The Supreme Court on Tuesday declared the Voting Rights Act’s “preclearance” formula unconstitutional for not taking into account changing circumstances.

UT College of Law Professor Lee Strang said the Supreme Court was correct in its opinion that protects state autonomy and limited the power of Congress.

“The Court ruled that Congress could not limit state sovereignty by relying on 40-year old evidence of state wrongdoing,” Strang said. “Instead, because states retain the authority to regulate their own electoral practices, Congress must have better evidence of current state violations of voting rights to justify the Voting Rights Act’s restrictions.”

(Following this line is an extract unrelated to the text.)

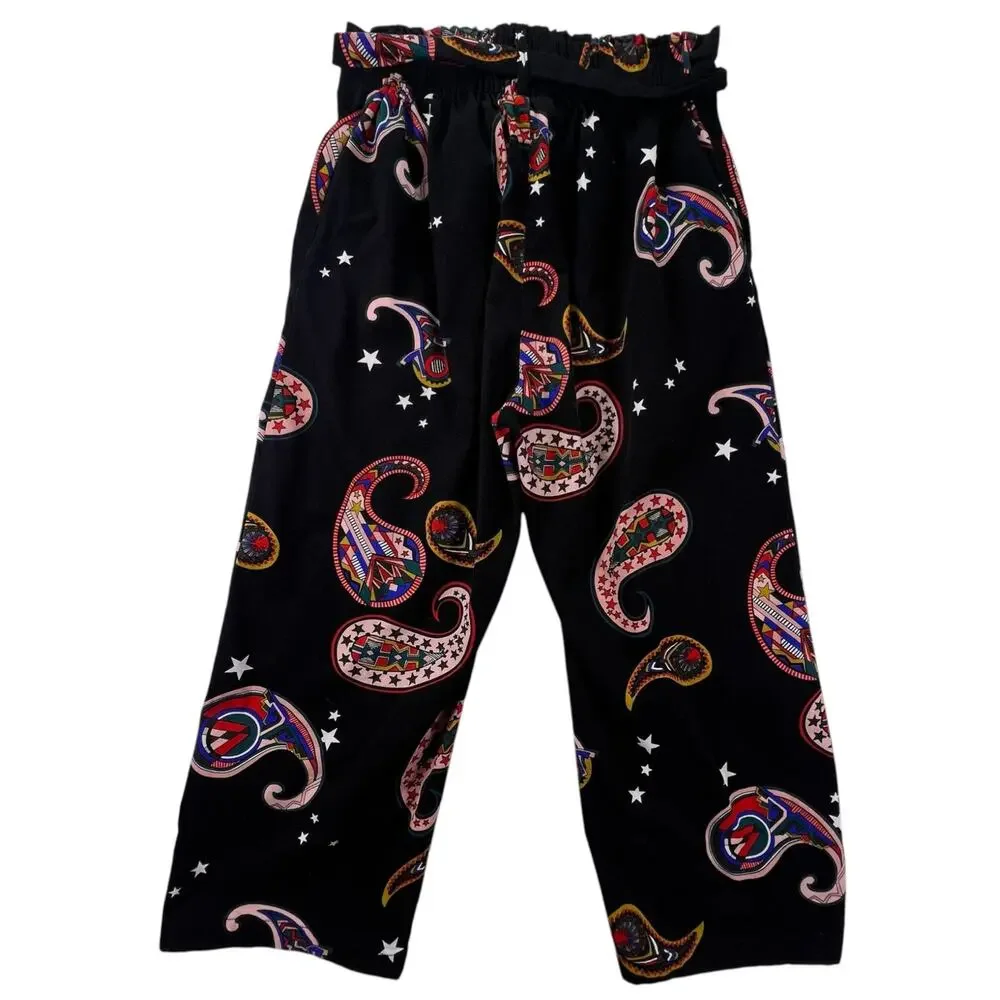 Paisley Star Print Matching Set Womens M Black Pajama Style Indie Cropped Pants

UT Associate Professor of Law Benjamin Davis said the Court’s decision is a setback oblivious to history and universal standards would be too watered down to protect the rights to vote of the week, the poor and the minority.

“As a matter of international law, meaningful participation in one’s governance as part of internal self-determination in a state is a human right. Voting is at the heart of that expression,” Davis said. “Similarly, elimination of racial discrimination through our narrow lens of diversity is also a human right. These are sad days of the United States turning back the clock.”

Contact Meghan Cunningham at 419.350.3879 to schedule an interview with Strang and/or Davis.

Media Coverage
13 ABC (June 26, 2013)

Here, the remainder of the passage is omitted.